Familienunternehmen
Schaeffler saniert sich über Stellenabbau

Der in Schieflage geratene Autozulieferer Schaeffler will sich mit einem massiven Arbeitsplatzabbau wieder finanziellen Spielraum verschaffen. Allein in den vergangenen sechs Monaten sank die Zahl der Arbeitsplätze im Konzern nach Handelsblatt-Informationen weltweit um mehr als fünf Prozent. Nun könnte die Stimmung in Herzogenaurach kippen.

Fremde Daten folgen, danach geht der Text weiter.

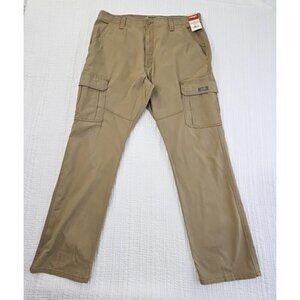 Wrangler Authentics Cargo Pants Men's 36x32 Tan 6 Pockets Straight Leg 10ZM7ABEW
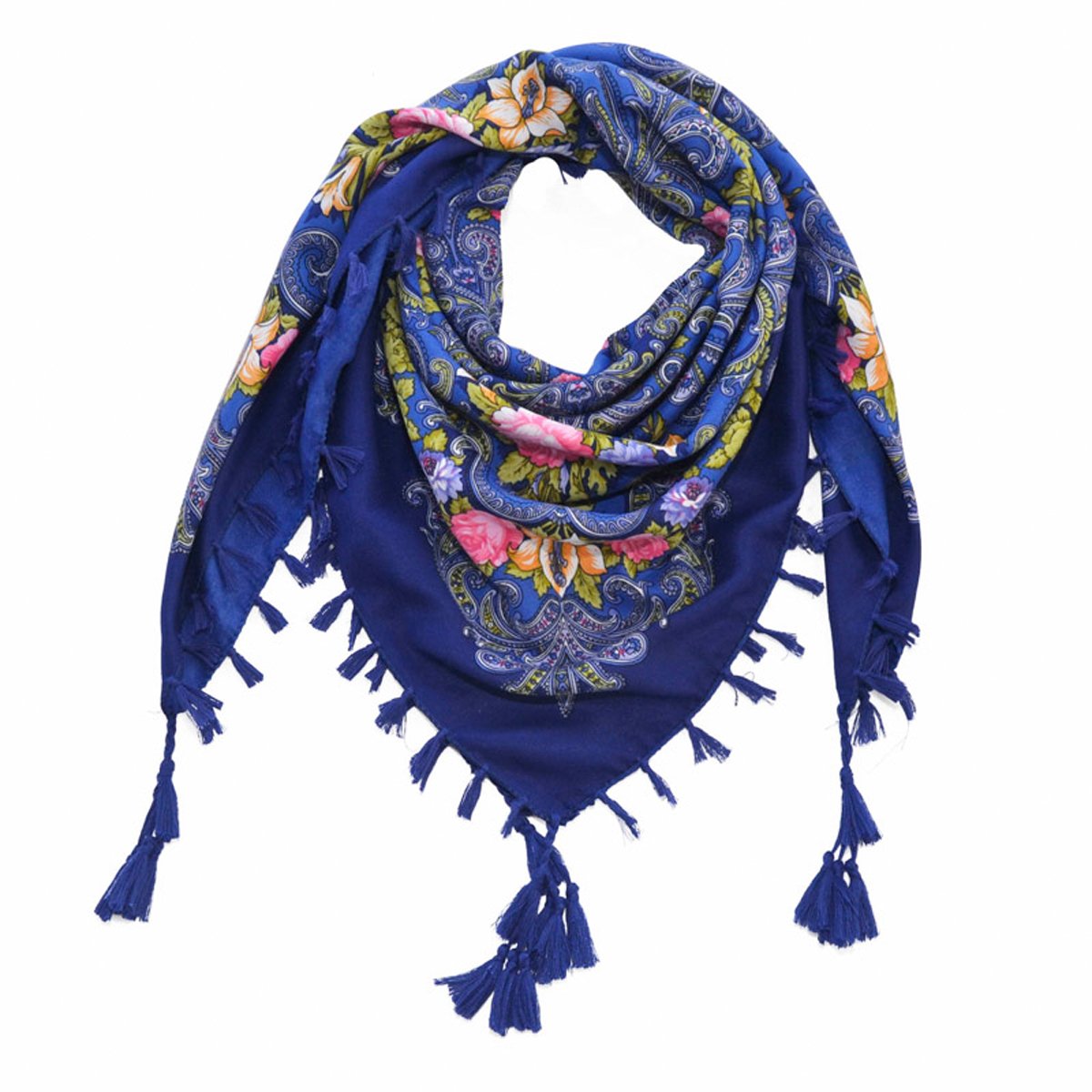 Women Scarf Vintage Trendy Square Warm Floral Scarves Shawl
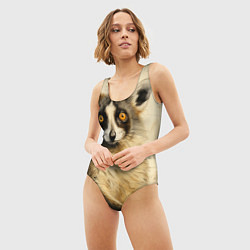 Купальник-боди 3D женский Лемур в стиле диаграмм Давинчи, цвет: 3D-принт — фото 2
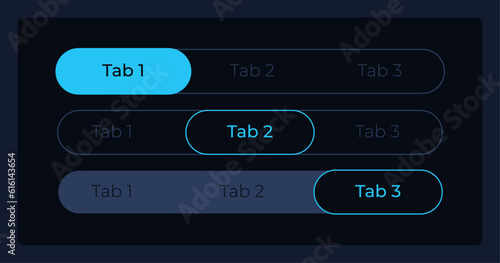 Tab bar menu UI elements kit. Page header isolated vector components. Flat navigation menus and interface buttons template. Dark theme web design widget collection for mobile application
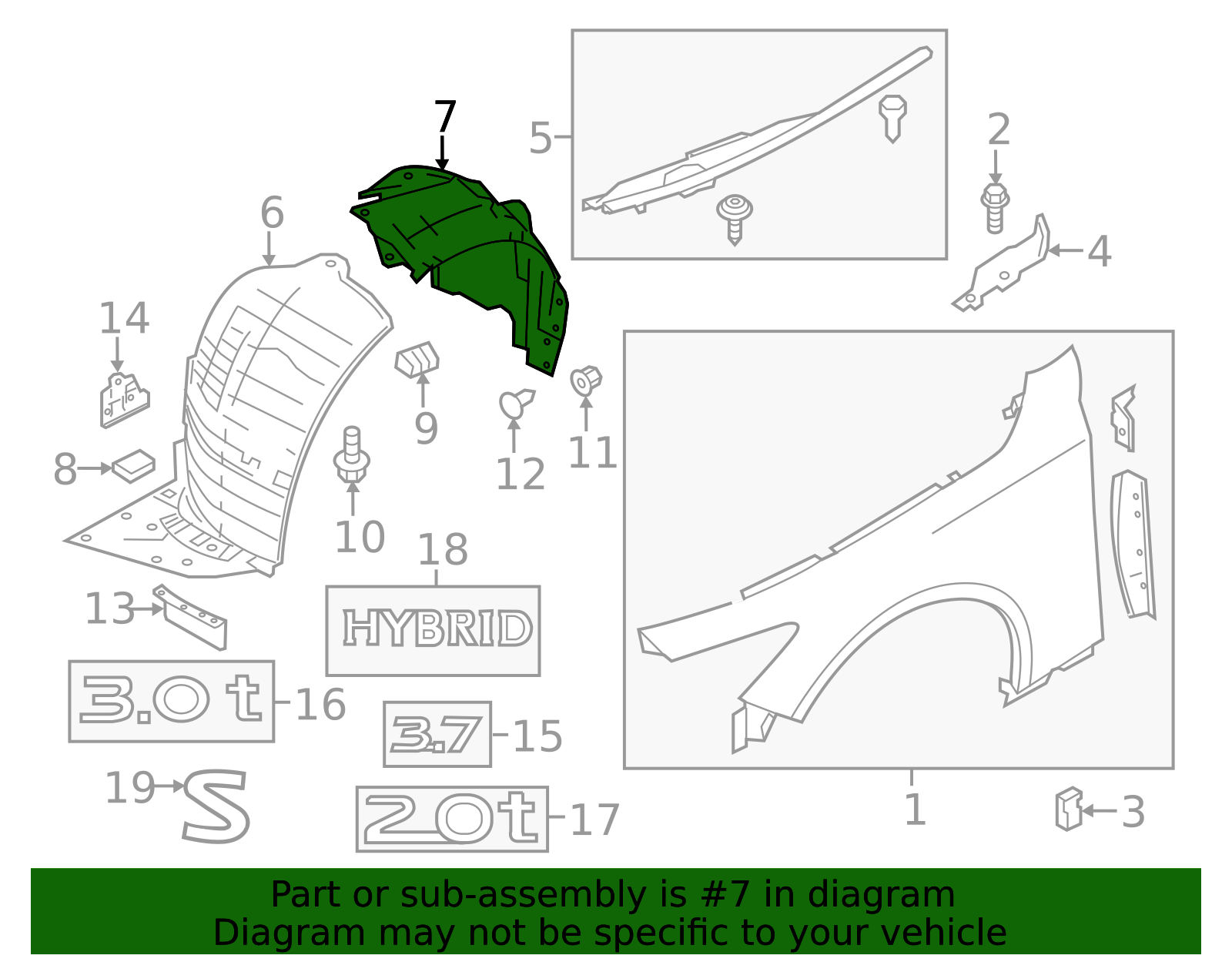 Front Fender Protector, Right - Infiniti (63840-4GA0A) 3 Front Fender Protector, Right - Infiniti (63840-4GA0A)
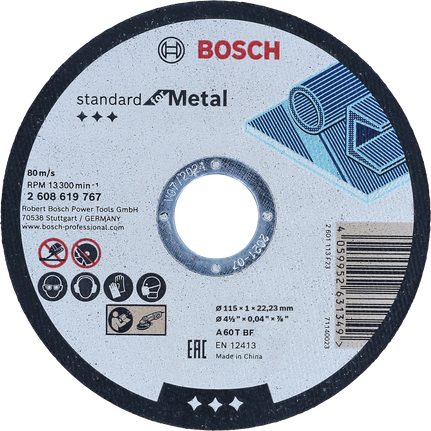 Bosch Standard metal kesme diski, 115 mm düz kesme diski.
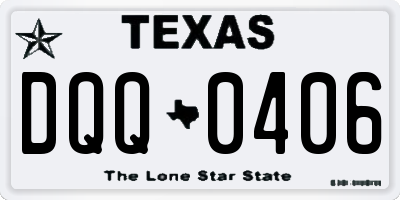 TX license plate DQQ0406
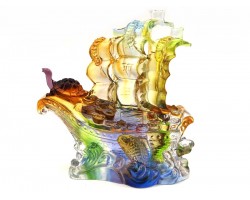 Colorful Liuli Glass Wealth Ship with Tortoise and Carp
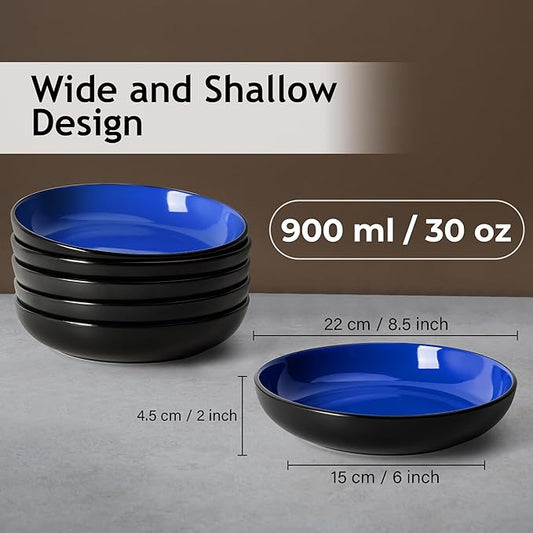 MIAMIO – 30 Oz / 8.6 Inch Set of 6 Pasta Bowls/Salad Bowls, Pasta Plates Wide and Shallow Bowl, Large Ceramic Stoneware Deep Plate Serving Soup - Le Papillon Collection (Blue)
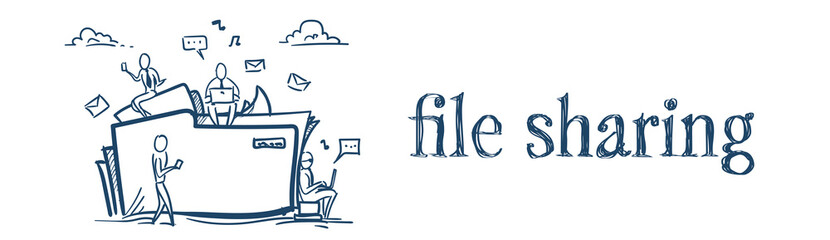 Poster - Cloud data storage folder file sharing service concept businesspeople working together over white background sketch doodle banner vector illustration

MÜNCHEN/HAMBURG. Das in akute Atemnot geratene Familienunternehmen Schaeffler verschafft sich Luft über zusätzliche Kredite, den Abbau von Kosten und eine Zusammenarbeit mit dem übernommenen Automobilzulieferer Continental. Neben einer Dienstag zugesagten Zwischenfinanzierung durch die Gläubigerbanken kommt der fränkische Zulieferer auch an anderer Stelle mit der Sanierung voran. Schaeffler, Spezialist für mechanische Komponenten wie Kupplungen, passt die Kosten an den Einbruch der Nachfrage auch über Jobabbau an.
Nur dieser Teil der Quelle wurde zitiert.